In their complaint, the student activists observe that Harvard’s endowment managers are bound under UPMIIFA to three duties: “to consider the ‘charitable purpose’ of the institution in its investments, to invest with ‘prudence’, and to invest with ‘loyalty’.”
Hamilton and the students are arguing that their university’s investment in fossil fuels is decidedly imprudent, likely to prove financially disastrous in the very near term as fossil assets are increasingly stranded.

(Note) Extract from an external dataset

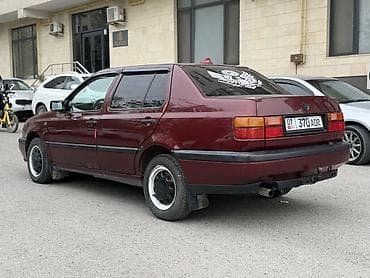 авто венто: Volkswagen Vento: 1993 г., 1.8 л, Ручные, Бензин, Седан — 4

Then there are the clear and present dangers that flooding and sea level rise pose to Harvard’s own campus.
As for charity and loyalty, the students “allege that by investing in industries that have led disinformation campaigns about climate change, lobbied against climate action, and sold products that threaten the prospects for ‘a more just, fair, and promising world’—as is written in Harvard’s mission statement—the school is undermining its own students’ and faculty’s work toward a sustainable future.”

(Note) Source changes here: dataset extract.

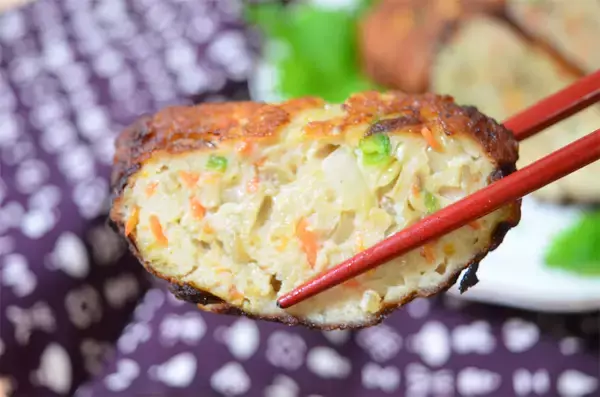 「【革命的な発想】すり身の代わりに「はんぺん」でさつま揚げ作ってみた！プルンプルン食感!?【農家直伝】」の画像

To date, Harvard has resisted calls to divest, notes Grist—last year, the school announced it would push for net-zero emissions across its portfolio by 2050, rather than give fossils the boot.
This amounts to a rather hazy pledge, writes Grist, since “there’s no agreed-upon definition for what net-zero means in the financial sector.” And in any case, “Harvard hasn’t yet landed on a methodology.”
As for how exposed Harvard is to Big Oil, the institution “recently disclosed that it has no direct holdings in companies that explore for or develop fossil fuels, and that its exposure to fossil fuels through indirect investments, based on available data, made up less than 2% of its portfolio at the end of 2020.”
Still, observes Grist, “with an endowment of US$41.9 billion, that’s around $838 million.”
To Ben Franta, the entry of the state’s attorney general into the fight would be game-changing. Franta, a doctoral law student at Stanford and Harvard alumnus, saw his own 2014 effort to sue the university for its fossil investments come to naught when the court ruled that students lacked the standing to launch such a claim.
“An investigation or any sort of action on this by the attorney general of Massachusetts has the potential to help shape climate investment law, for lack of a better term, across the entire country,” he told Grist. That’s because UPMIFA is a uniform law that has been adopted by 49 of 50 states—all but Pennsylvania.
The would-be plaintiffs are now waiting to hear if Healey will take up their case. Grist says a representative from the attorney general’s office confirmed receipt of the complaint but declined comment.
For Longstreth, the prudent course of action is obvious. “It doesn’t take a genius to know that the world of fossil fuels is dying, and it’s dying very fast, and it’s stupid to wait around until it’s dead before you sell your securities,” he told Grist.